Captioned web image data:
▼
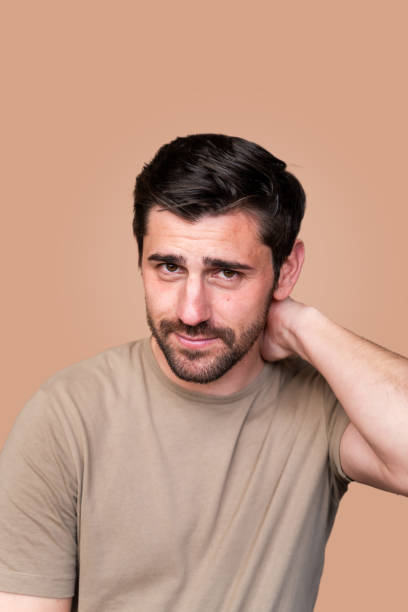 istock Pensive man with hand on neck against beige background 2129497838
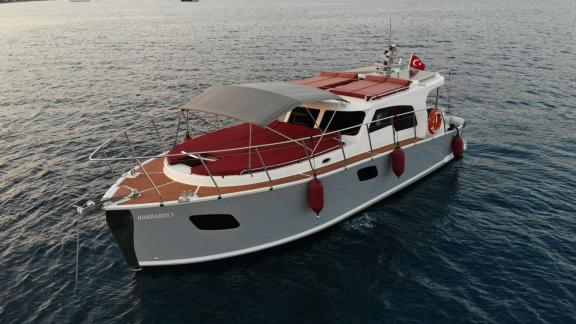 Barbaros 3 lobster yacht rests at anchor in calm Marmaris bay with red cushions.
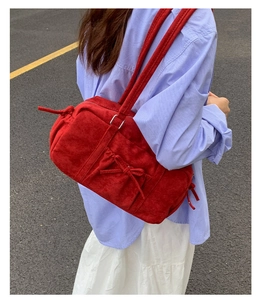 Sac à épaule en daim rouge avec nœud décoratif présenté dans un cadre minimaliste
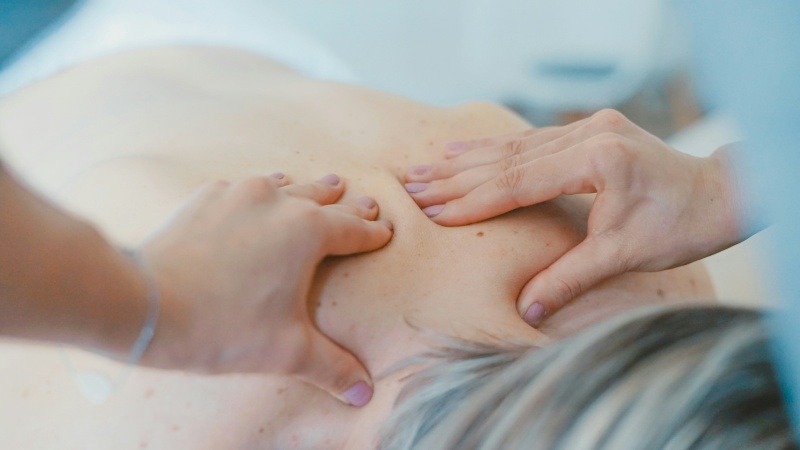 Handen die op een rug bindweefselmassage geven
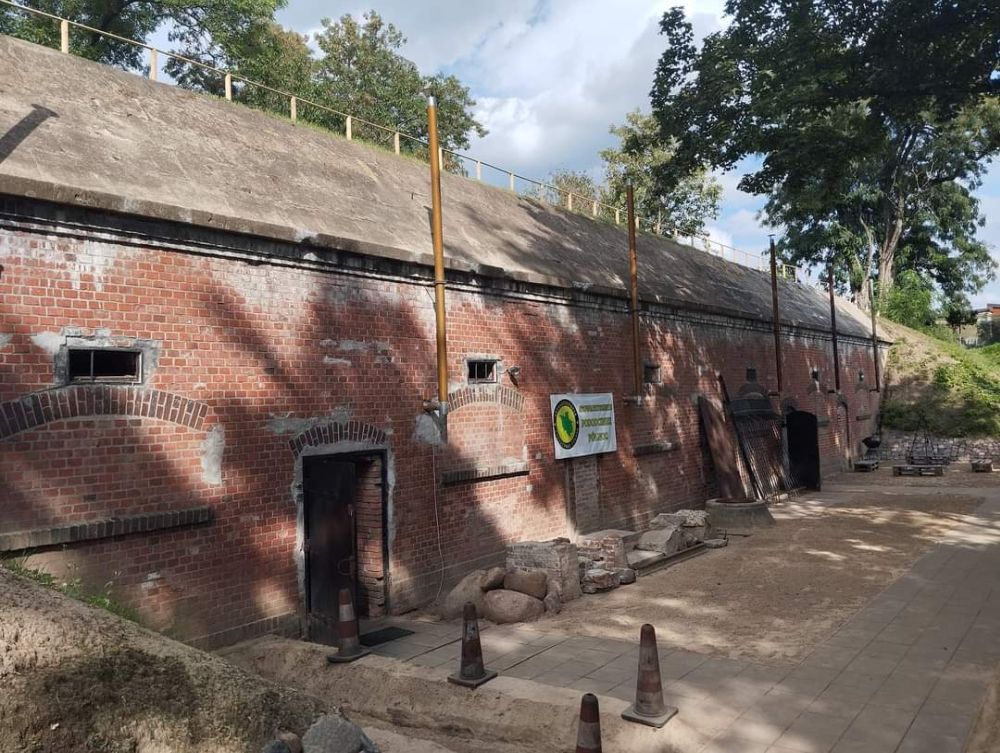 Kobieta trzyma za rękę dziecko, wspólnie wchodzą do wnętrza wąskiego, ciemnego korytarza w forcie, lekko tylko oświetlonego latarką.
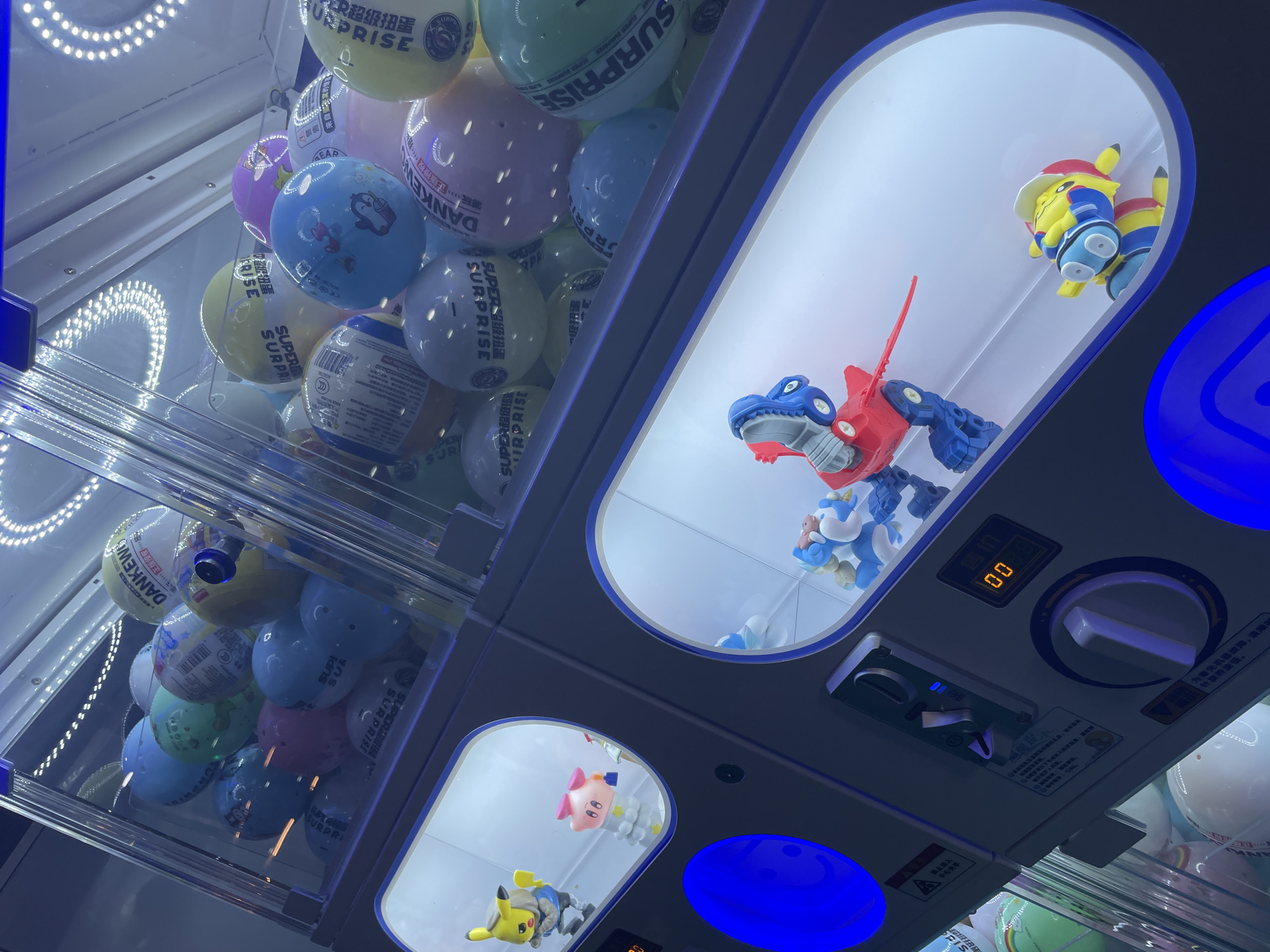 This is a close-up, angled shot of a claw machine filled with colorful, spherical capsules and several small figurines displayed in separate compartments. The machine is brightly lit from within. The upper section is dominated by the capsules, which are predominantly shades of yellow, blue, green, pink, and white. Some capsules have text and graphics, including "SUPER SURPRISE" and what appears to be Japanese writing. Below the capsule-filled area are two illuminated compartments. The left compartment contains two figurines: a yellow character resembling Pikachu wearing a blue hooded jacket and a pink character with a bow. The right compartment contains two toy robots, one predominantly blue and red with visible joints, and another smaller yellow and blue robot. The machine's controls, including a coin slot and a joystick, are visible on the side. The overall environment appears to be an indoor amusement or retail space, likely a mall or arcade. There are no people visible in the frame. The image was taken in Phu Thuy Ward, Vietnam, suggesting this is a public entertainment venue within that location.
▲
- _WHAT THE TASK ASKS_
Repeat the full set of records exactly, and output no pictures.

- _OUTPUT_
 istock Pensive man with hand on neck against beige background 2129497838
 Barbaros 3 lobster yacht rests at anchor in calm Marmaris bay with red cushions.
 Sac à épaule en daim rouge avec nœud décoratif présenté dans un cadre minimaliste
 Handen die op een rug bindweefselmassage geven
 Kobieta trzyma za rękę dziecko, wspólnie wchodzą do wnętrza wąskiego, ciemnego korytarza w forcie, lekko tylko oświetlonego latarką.
 This is a close-up, angled shot of a claw machine filled with colorful, spherical capsules and several small figurines displayed in separate compartments. The machine is brightly lit from within. The upper section is dominated by the capsules, which are predominantly shades of yellow, blue, green, pink, and white. Some capsules have text and graphics, including "SUPER SURPRISE" and what appears to be Japanese writing. Below the capsule-filled area are two illuminated compartments. The left compartment contains two figurines: a yellow character resembling Pikachu wearing a blue hooded jacket and a pink character with a bow. The right compartment contains two toy robots, one predominantly blue and red with visible joints, and another smaller yellow and blue robot. The machine's controls, including a coin slot and a joystick, are visible on the side. The overall environment appears to be an indoor amusement or retail space, likely a mall or arcade. There are no people visible in the frame. The image was taken in Phu Thuy Ward, Vietnam, suggesting this is a public entertainment venue within that location.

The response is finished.